WHAT YOU WILL DO: No picture should appear in the copy. Transcribe exactly, and only, the lines from the one with "Air Jordan —" through the last line of the data below.

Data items
--------------------------------------------------

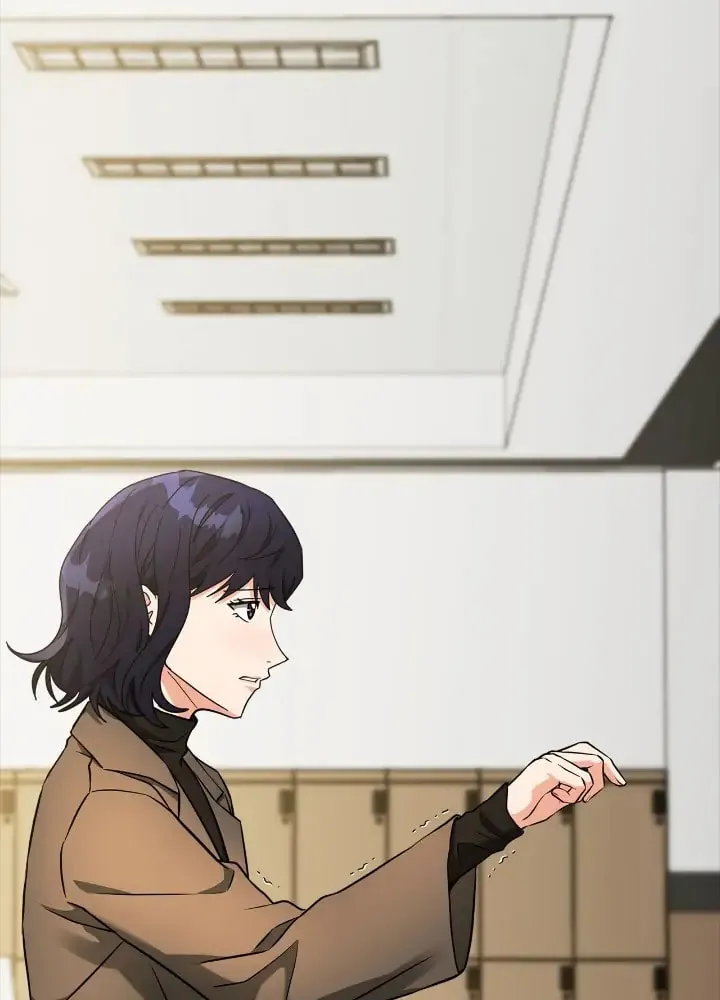 Read Call Me the Devil chapter 37 image 72 on Lezhin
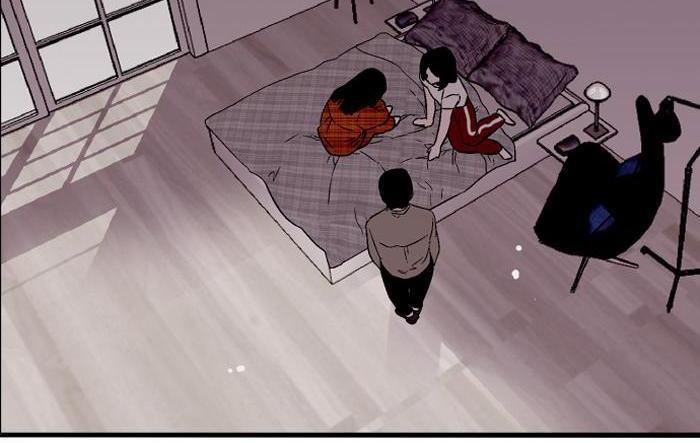 Nano List - Chương 81 - Trang 14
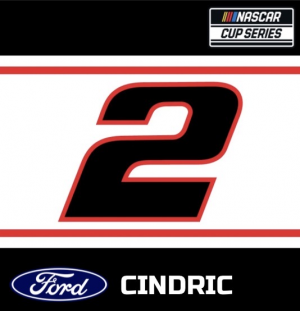 Img3810 — All 2026 NASCAR Drivers | Cup, O’Reilly, Trucks option 2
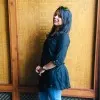 Yasmin Pathan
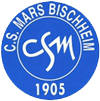 CS Mars-Bischheim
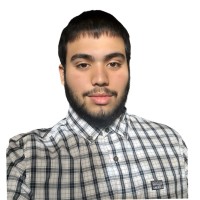 Brandon Ruiz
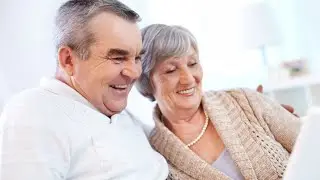 A quiz for retirement - Jacobs Financial Services on Live in the D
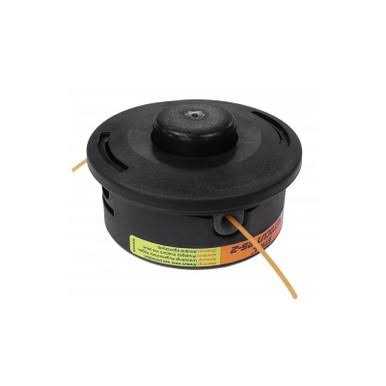 Stihl 4002-710-2108 Autocut Trimmer Head - Image 3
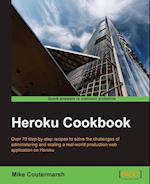 Heroku Cookbook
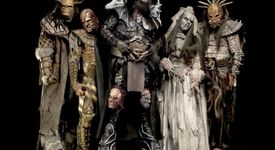 Всеки под 16 с намаление на шоуто на LORDI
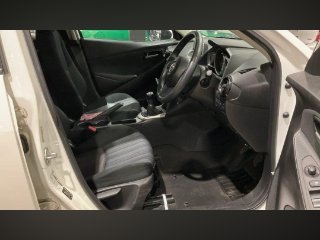 /photos/10158/6b081b64-0fe4-41d7-86ab-883012c587bb_i320x240.jpg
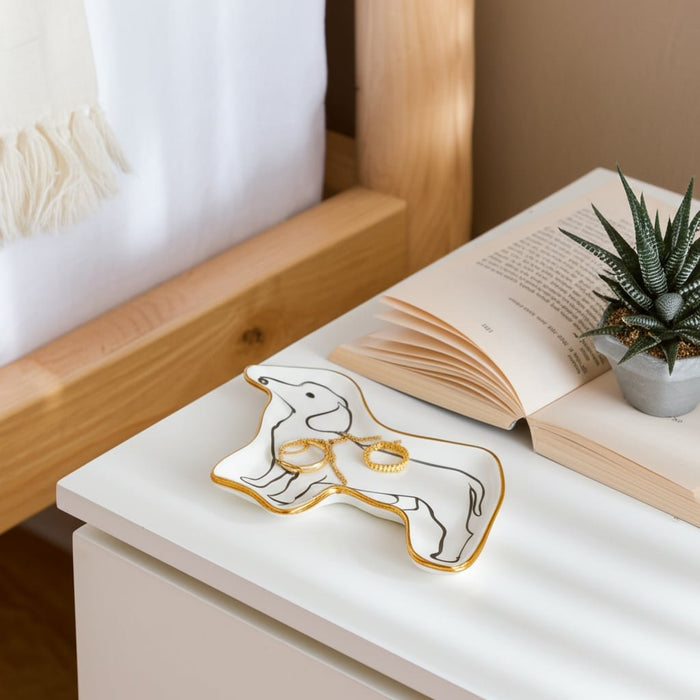 6-wiener-dog-trinket-tray-w-gold-detail-white-b-10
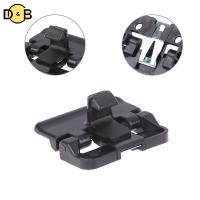 ราคา DB 1 PC คอนโซลกลางที่เท้าแขน Lo Latch Lid สําหรับ Toyota Camry Highlander Rav4 Corolla Auris de Caldina Hilux Windom Camry TH (54458950382)
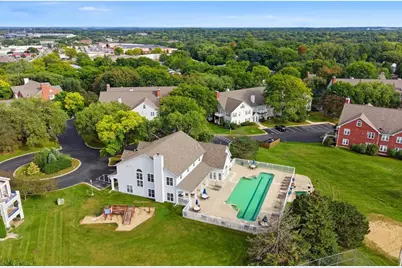 917 Harbor House Drive #8, Madison, WI 53719 - Photo 31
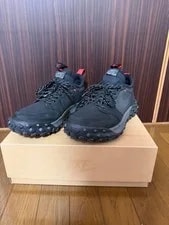 Air Jordan — 9.5US Air Jordan 1 Low Element Gore-Tex — Sneaker — resale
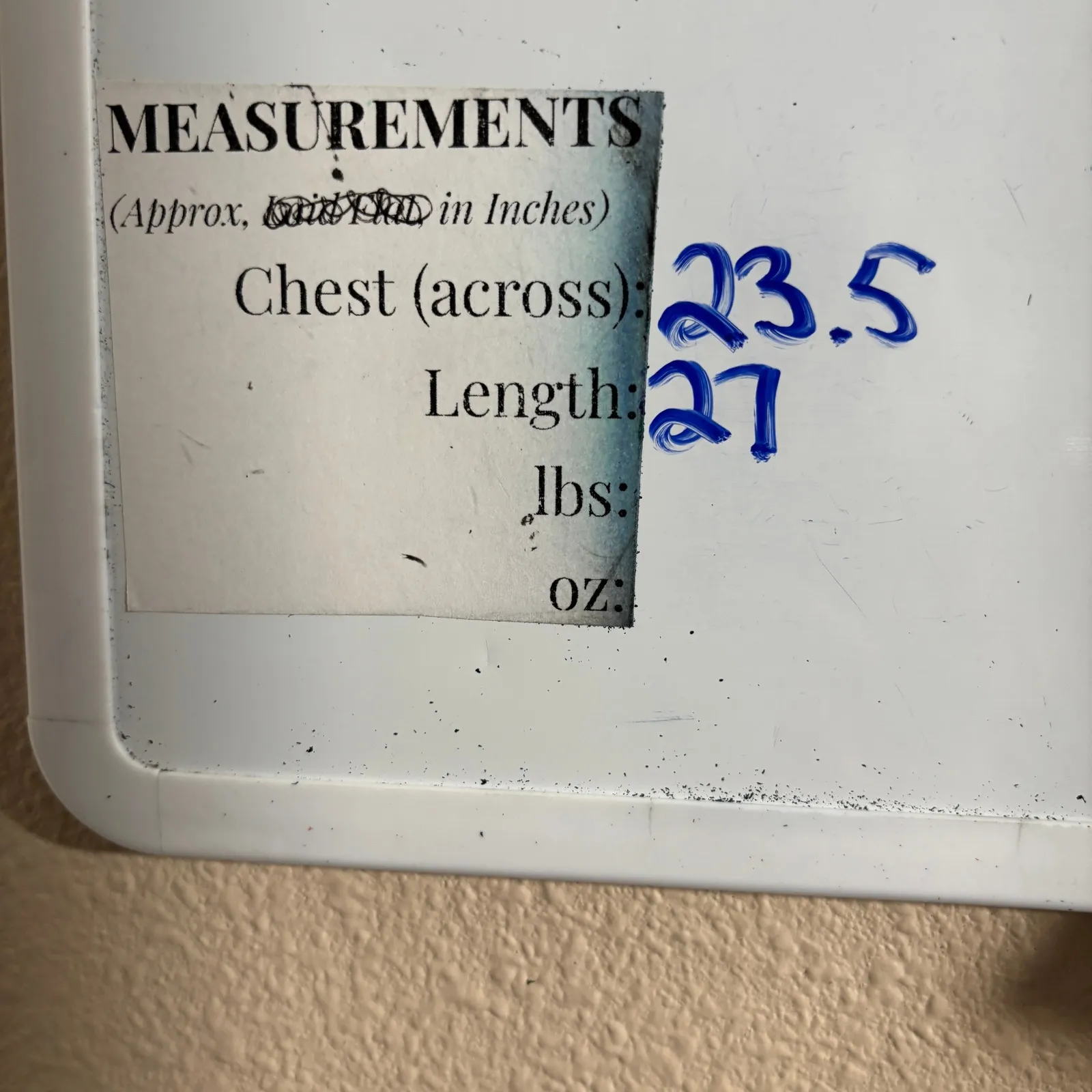 Vintage Bright Red Paisley Long Sleeve Top Womens 16 Preppy Holiday 80s 90s VTG - Image 8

--------------------------------------------------

SOLUTION FOR THIS EXERCISE:
 Air Jordan — 9.5US Air Jordan 1 Low Element Gore-Tex — Sneaker — resale
 Vintage Bright Red Paisley Long Sleeve Top Womens 16 Preppy Holiday 80s 90s VTG - Image 8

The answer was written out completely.